▶ _COLLECTED DATA_:
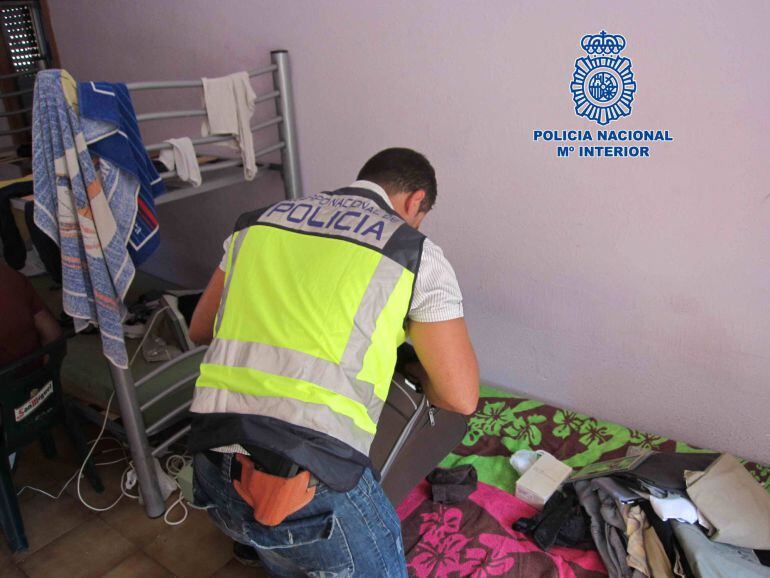 Desarticulen una xarxa que tenia explotades 42 persones al sector d'hostaleria de Vila-seca i Salou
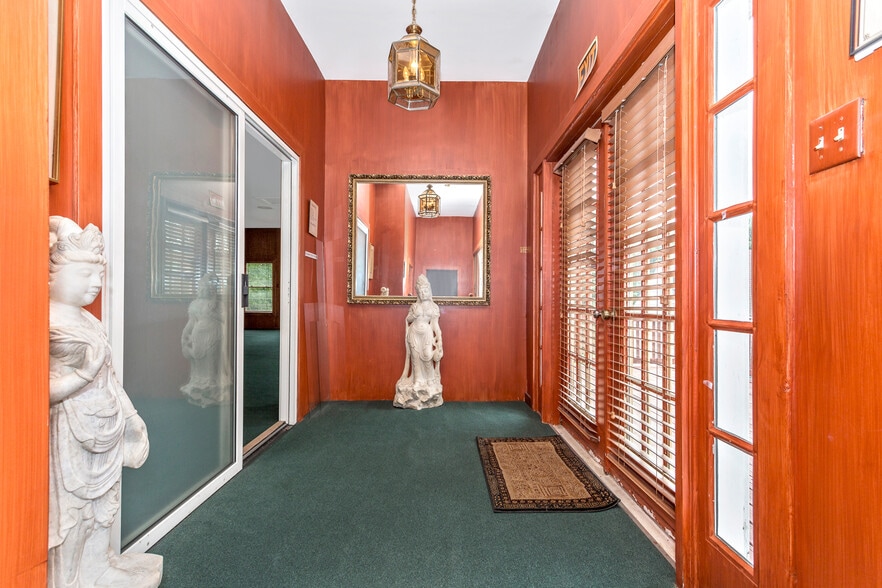 More Photos Of 16817 Germantown Rd, Germantown Schools For Sale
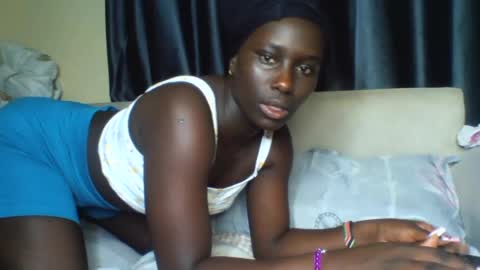 azaelia_iris online show from 9, 5, 2026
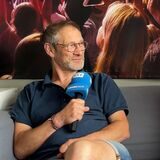 Kurz vor dem Start des Juicy Beats 2023 in Dortmund hat RN-Redakteur Lukas Wittland (r.) Festival-Gründer Carsten Helmich zum Interview getroffen.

▶ _TASK ITEM_: Nothing but the lines from the one holding "azaelia_iris online show from 9, 5, 2026" through the last line of the listing should appear in the answer, copied exactly and without pictures.

▶ _RESPONSE TO THIS EXERCISE_:
 azaelia_iris online show from 9, 5, 2026
 Kurz vor dem Start des Juicy Beats 2023 in Dortmund hat RN-Redakteur Lukas Wittland (r.) Festival-Gründer Carsten Helmich zum Interview getroffen.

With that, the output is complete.